Одна из самых распространенных метафор в политическом дискурсе западных стран для представления врага или чужого – это метафора насильника, агрессивного мужчины, от которого нужно защитить слабую и подвергающуюся насилию женщину. Например, в статье Т. Рорера [Rohrer 1995] проанализированы метафоры, используемые президентом Дж. Бушем для концептуализации политической ситуации в Персидском заливе в период с августа 1990 г. по январь 1991 г. Президент США регулярно описывал иракскую аннексию через метафоры государства-насильника (Ирака) и государства-жертвы (Кувейта). Как отмечает Т. Рорер, американцы поверили метафоре «изнасилования Кувейта», потому что Дж. Буш неоднократно ссылался на доклады о реальных изнасилованиях и грабежах, имевших место в Кувейте в связи с иракской аннексией. В обществе людей всякое преступление должно караться не только ради жертвы преступления, но ради всего общества, заключившего общественный договор. Дж. Буш развивает метафору ГОСУДАРСТВА – это СООБЩЕСТВА ЛЮДЕЙ метафорой МЕЖДУНАРОДНАЯ ПОЛИТИКА – это ОБЩЕСТВЕННЫЙ ДОГОВОР. Следуя этой логике, агрессия Ирака – это преступление не только против Кувейта, но и против общественного договора, т. е. против всех законопослушных людей-государств, которые и должны наказать дикаря-насильника.
Подобные выводы о противопоставлении насильника и жертвы получали и другие исследователи американской метафорики, связанной с кризисами в Персидском заливе [Lakoff 1991; Bates 2004].
Также в монографии Ф. Кина [Keen 1988] выявлено, что на американских агитационных плакатах времен Второй мировой войны немцы и японцы обычно изображались в образе варваров-насильников, а в исследовании Й. Валениус продемонстрировано, что в начале XX в. в финляндской визуальной агитации были распространены образы сексуального насилия России над Финляндией [Valenius 2000].

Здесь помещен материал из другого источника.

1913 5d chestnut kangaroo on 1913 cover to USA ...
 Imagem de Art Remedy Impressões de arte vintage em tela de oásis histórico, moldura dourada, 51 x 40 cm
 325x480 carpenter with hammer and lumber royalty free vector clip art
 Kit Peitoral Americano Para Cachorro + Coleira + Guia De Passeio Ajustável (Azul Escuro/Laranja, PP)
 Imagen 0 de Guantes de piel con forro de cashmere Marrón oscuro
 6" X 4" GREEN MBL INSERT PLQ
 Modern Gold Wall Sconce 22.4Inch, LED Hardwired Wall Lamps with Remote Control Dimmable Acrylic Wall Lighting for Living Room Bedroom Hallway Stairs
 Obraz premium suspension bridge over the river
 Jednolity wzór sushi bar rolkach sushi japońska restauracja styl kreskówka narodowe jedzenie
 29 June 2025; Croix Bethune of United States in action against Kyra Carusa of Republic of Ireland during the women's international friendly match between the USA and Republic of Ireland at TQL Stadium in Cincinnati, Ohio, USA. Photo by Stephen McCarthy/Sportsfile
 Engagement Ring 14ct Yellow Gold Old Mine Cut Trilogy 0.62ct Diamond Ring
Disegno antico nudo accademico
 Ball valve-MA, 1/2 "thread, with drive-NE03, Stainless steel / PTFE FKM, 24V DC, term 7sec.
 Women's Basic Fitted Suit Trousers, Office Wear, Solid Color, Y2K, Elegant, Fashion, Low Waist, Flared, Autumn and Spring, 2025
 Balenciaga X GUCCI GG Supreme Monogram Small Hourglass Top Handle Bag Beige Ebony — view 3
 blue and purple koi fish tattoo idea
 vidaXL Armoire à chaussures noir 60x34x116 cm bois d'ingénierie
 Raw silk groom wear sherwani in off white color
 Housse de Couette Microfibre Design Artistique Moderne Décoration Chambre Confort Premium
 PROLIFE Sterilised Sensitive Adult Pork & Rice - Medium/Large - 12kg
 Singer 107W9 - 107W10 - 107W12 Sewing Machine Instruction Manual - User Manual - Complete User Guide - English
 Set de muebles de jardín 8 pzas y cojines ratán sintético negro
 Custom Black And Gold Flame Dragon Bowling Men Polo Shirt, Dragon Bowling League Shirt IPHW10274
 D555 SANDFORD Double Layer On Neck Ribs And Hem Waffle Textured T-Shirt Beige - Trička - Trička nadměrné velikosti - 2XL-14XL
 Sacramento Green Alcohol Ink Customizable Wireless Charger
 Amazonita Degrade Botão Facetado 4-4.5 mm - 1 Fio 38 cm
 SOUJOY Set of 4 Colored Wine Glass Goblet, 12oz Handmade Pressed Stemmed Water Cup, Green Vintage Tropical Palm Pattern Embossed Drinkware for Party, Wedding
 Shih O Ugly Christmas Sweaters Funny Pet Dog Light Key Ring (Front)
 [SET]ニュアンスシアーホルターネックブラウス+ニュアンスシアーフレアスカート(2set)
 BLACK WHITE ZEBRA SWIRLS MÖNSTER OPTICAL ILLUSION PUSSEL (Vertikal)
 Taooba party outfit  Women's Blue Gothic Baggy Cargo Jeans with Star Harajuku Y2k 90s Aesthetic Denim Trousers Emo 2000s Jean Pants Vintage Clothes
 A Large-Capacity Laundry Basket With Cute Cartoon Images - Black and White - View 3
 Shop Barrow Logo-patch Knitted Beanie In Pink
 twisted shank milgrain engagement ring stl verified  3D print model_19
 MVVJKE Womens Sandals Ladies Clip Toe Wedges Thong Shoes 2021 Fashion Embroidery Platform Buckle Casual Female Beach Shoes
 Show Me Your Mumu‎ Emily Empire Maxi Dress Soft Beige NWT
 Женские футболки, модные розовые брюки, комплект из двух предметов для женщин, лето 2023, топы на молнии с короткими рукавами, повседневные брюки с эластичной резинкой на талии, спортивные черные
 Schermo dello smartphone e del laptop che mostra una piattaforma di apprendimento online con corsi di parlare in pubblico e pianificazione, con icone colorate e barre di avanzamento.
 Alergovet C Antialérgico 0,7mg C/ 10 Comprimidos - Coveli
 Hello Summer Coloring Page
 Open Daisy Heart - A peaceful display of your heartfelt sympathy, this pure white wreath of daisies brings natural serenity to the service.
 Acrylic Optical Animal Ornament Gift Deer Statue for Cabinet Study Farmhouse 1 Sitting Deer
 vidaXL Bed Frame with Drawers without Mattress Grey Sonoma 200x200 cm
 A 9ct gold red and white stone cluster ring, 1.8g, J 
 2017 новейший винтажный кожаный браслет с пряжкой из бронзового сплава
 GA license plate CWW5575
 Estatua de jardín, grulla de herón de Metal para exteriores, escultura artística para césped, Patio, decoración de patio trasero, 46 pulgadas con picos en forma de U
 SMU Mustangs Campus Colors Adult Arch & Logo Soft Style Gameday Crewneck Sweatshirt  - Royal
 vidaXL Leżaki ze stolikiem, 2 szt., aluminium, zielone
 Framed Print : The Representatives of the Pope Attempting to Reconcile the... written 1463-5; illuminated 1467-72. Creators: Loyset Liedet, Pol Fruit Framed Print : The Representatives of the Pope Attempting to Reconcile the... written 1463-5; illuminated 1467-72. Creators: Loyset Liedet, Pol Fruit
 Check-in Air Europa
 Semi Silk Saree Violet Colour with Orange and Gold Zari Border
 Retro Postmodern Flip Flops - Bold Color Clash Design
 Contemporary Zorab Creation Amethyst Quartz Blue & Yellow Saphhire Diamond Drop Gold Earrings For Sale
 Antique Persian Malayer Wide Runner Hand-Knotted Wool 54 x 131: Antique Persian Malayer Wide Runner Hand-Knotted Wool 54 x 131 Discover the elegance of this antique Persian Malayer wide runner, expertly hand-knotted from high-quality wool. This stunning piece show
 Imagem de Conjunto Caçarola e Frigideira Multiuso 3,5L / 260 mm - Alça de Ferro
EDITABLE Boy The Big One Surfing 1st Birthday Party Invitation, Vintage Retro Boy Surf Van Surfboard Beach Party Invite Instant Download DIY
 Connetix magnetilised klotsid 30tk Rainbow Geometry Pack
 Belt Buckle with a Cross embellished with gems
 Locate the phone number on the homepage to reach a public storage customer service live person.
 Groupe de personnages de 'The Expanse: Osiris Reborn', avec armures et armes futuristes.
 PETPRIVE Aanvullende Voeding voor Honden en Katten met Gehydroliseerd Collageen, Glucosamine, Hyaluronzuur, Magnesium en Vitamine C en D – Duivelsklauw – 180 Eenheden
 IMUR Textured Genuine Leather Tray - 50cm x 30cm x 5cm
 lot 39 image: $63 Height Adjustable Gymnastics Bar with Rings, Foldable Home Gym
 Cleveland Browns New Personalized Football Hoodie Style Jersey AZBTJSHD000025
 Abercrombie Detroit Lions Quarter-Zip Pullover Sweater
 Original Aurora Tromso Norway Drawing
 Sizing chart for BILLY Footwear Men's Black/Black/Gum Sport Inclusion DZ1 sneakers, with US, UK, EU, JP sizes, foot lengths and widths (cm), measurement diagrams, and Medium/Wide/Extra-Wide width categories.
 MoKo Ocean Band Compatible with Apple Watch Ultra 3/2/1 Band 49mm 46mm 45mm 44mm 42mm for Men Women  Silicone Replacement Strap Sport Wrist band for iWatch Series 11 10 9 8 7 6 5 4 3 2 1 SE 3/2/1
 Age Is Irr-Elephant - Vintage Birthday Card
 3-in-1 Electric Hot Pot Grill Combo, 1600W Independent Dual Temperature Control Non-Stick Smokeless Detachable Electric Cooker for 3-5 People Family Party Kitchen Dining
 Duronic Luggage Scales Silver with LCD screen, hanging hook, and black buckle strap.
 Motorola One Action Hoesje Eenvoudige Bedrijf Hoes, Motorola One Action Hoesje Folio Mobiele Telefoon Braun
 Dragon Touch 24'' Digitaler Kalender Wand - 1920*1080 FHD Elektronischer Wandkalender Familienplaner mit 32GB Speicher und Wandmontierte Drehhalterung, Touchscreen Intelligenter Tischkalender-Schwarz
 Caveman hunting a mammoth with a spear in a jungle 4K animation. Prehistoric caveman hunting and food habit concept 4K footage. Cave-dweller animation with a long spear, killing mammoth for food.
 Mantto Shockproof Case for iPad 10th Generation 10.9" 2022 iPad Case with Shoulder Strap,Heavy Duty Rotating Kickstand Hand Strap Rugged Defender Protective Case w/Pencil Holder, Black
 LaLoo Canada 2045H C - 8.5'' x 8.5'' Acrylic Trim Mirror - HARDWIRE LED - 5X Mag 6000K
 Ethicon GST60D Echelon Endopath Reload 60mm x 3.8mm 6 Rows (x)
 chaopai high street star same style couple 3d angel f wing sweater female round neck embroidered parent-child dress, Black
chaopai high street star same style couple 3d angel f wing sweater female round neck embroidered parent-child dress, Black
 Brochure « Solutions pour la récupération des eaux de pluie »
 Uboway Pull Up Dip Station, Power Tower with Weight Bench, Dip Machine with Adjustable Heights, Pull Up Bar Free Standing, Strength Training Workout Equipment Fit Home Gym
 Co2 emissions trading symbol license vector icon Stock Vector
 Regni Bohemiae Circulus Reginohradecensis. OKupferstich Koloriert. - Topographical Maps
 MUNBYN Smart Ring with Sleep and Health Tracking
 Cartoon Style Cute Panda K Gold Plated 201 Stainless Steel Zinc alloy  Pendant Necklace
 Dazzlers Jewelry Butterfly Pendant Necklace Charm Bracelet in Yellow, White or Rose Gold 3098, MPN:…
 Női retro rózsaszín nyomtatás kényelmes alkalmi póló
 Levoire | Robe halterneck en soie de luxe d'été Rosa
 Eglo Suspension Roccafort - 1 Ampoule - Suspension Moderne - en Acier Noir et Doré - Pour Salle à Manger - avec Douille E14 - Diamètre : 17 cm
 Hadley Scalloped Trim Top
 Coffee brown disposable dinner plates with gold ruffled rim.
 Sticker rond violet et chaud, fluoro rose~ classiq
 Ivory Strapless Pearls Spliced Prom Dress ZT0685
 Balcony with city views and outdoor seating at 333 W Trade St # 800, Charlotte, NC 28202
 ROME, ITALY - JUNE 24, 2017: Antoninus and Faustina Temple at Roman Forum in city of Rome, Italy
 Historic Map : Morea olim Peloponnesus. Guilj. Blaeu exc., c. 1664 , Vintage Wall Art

Подобная гендерно ориентированная модель характерна и для метафорического представления внутриполитических отношений. В монографии А.П. Чудинова [2001] продемонстрировано, что в российском политическом дискурсе распространены образы сексуального насилия или же, наоборот, сексуального бессилия (импотенции, кастрации), привносящие негативные эмотивные смыслы в концептуализацию отношений между субъектами политической деятельности. Для политического дискурса США характерно представление политических оппонентов в качестве сексуальных маньяков, насилующих страну и народ [Adamson et al. 1998].
Оценочные смыслы, которые привносит метафорическая проекция из гендерной модели на политические отношения, укоренены в общественном сознании и соотносятся с моральными ценностями той или иной культуры. Как показывает обзор исследований, в политическом дискурсе стран Запада доминирует тактика
Несколько иначе гендерный аспект проявляет себя в метафорах исламских государств Востока. Как показывает Р. Сайгол [Saigol 2000], знание о том, что женщина физически слабее мужчины, используется в современном пакистанском политическом дискурсе для метафорического представления «чужого», особенно часто Индии (традиционного соперника Пакистана). В представлении пакистанцев их государство – это взрослый мужчина-мусульманин, а Индия – это женщина. Следовательно, враг слаб и не способен оказать серьезное сопротивление, а поэтому в случае военного конфликта он будет легко повержен. Для акцентирования этого гендерного образа активно используются и другие языковые средства. Как показывает Р. Сайгол, подбор и интерпретация фактов согласуется с доминирующим метафорическим образом. Например, метафорическая феминизация Индии сопровождается указанием на тот факт, что в некоторых районах Индии до сих пор существуют «неправильные» и «отвергнутые всем миром» матриархальные семьи, в которых женщина – глава семьи, а дочери наследуют имущество. Индийским мужчинам не хватает маскулинности, они не могут справиться со своими женщинами и не представляют собой серьезной военной силы.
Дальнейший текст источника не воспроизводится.